问题
I wanted to calculate the machine Epsilon, the smallest possible number e
that gives 1 + e > 1
using different data types of C++: float
, double
and long double
.
Here's my code:
#include <cstdio>
template<typename T>
T machineeps() {
T epsilon = 1;
T expression;
do {
epsilon = epsilon / 2;
expression = 1 + epsilon;
} while(expression > 1);
return epsilon;
}
int main() {
auto epsf = machineeps<float>();
auto epsd = machineeps<double>();
auto epsld = machineeps<long double>();
std::printf("epsilon float: %22.17e\nepsilon double: %22.17e\nepsilon long double: %Le\n", epsf, epsd, epsld);
return 0;
}
But I get this strange output:
epsilon float: 5.96046447753906250e-008
epsilon double: 1.11022302462515650e-016
epsilon long double: -0.000000e+000
The values for float
and double
are what I was expecting, but, I cannot explain the long double
behavior.
Can somebody tell me what went wrong?
回答1:
I cannot reproduce your results. I get:
epsilon long double: 5.421011e-20
Anyway, logically, the code should be something like:
template<typename T>
T machineeps() {
T epsilon = 1, prev;
T expression;
do {
prev = epsilon;
epsilon = epsilon / 2;
expression = 1 + epsilon;
} while (expression > 1);
return prev; // <-- `1+prev` yields a result different from one
}
On my platform it produces values similar to std::numeric_limits::epsilon
:
epsilon float: 1.19209289550781250e-07
epsilon double: 2.22044604925031308e-16
epsilon long double: 1.084202e-19
(note the different order of magnitude)
回答2:
There are several things going on here.
First, floating-point math is often done at the maximum available precision, regardless of the actual declared type of the floating-point variable. So, for example, arithmetic on float
s is usually done with 80 bits of precision on Intel hardware (Java originally banned this, requiring all floating-point math to be done at the exact precision of the type; this killed floating-point performance, and they quickly abandoned that rule). Storing the result of a floating-point calculation is supposed to truncate the value to the appropriate type, but by default most compilers ignore this. You can tell your compiler not to allow that; the switch for that depends on the compiler. As is, you can’t rely on the result that’s being calculated here.
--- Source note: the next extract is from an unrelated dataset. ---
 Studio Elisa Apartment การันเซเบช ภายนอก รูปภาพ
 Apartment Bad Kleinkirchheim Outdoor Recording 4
Second, the loop in the code terminates when the value of 1 + epsilon
is not greater than 1, so the returned value will be less than the true value of epsilon.
Third, coupled with the second one, some floating-point implementations don’t do subnormal values; once the exponent becomes smaller than the smallest that can be represented, the value is 0. That may be what you’re seeing here with the long double
value. IEEE floating-point handles zeros less abruptly — once you hit that minimum exponent, smaller values gradually lose precision. There are quite a few values between the smallest normalized value and 0.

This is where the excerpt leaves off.